There's nowhere for an actor to hide in Becky Mode's one-man satire,
Fully Committed. The script demands impeccable comic timing, split-second switching of forty different characters and enough accents to start a UN round table. The Brevity Theatre Co. found the right team for the job in actor
Nick Curnow and director Alexander Butt.
His main role is Sam Peliczowski, an unemployed actor whose day job involves manning the internal and external phone lines of a four-star Manhattan restaurant. The other thirty-nine roles are the characters with which Sam interacts during the course of one working day. While A-listers and wanna-be A-listers hob nob in luxury upstairs, he's trapped in a drab, windowless basement, fielding a relentless stream of calls from ridiculously importunate customers. Despite the restaurant being booked out for months, they'll stop at nothing to land a table, from bribery to melodrama to sheer persistence.

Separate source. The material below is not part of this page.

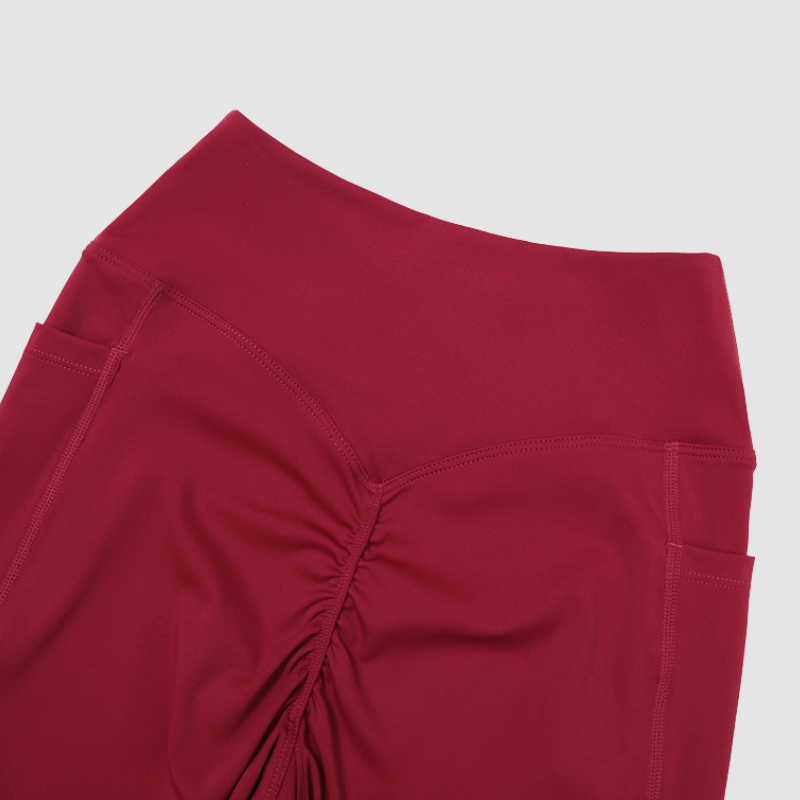 Wholesale women's solid color flared pants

Simultaneously, Sam must cope with an egotistical chef, a catty headwaiter, a well-meaning but clueless security guard and his gentle father, who just wants to know whether or not his son will come home for Christmas. Plus, he's desperately waiting for a call back from the Lincoln Centre.

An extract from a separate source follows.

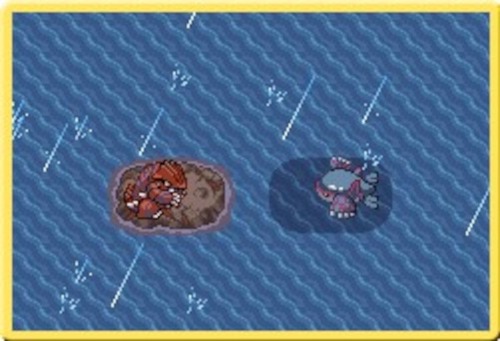 グラードンとカイオーガってポケモン史上最高のライバル関係だよな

Curnow wins us over as the beleaguered Sam. We find ourselves committed to his mounting struggle to maintain his cool and he skillfully sustains the tension necessary to the will-he-won't-he-lose-it suspense. Moreover, the deft swapping between characters is not only convincing, but hilariously entertaining, without being over-the-top. Curnow meets the challenge of the script with both scope and finesse.
Debuted in Australia at the
New Theatre as part of Sydney Fringe Festival, Fully Committed was
The Brevity Theatre Co.'s first ever production. It's an exhilarating start.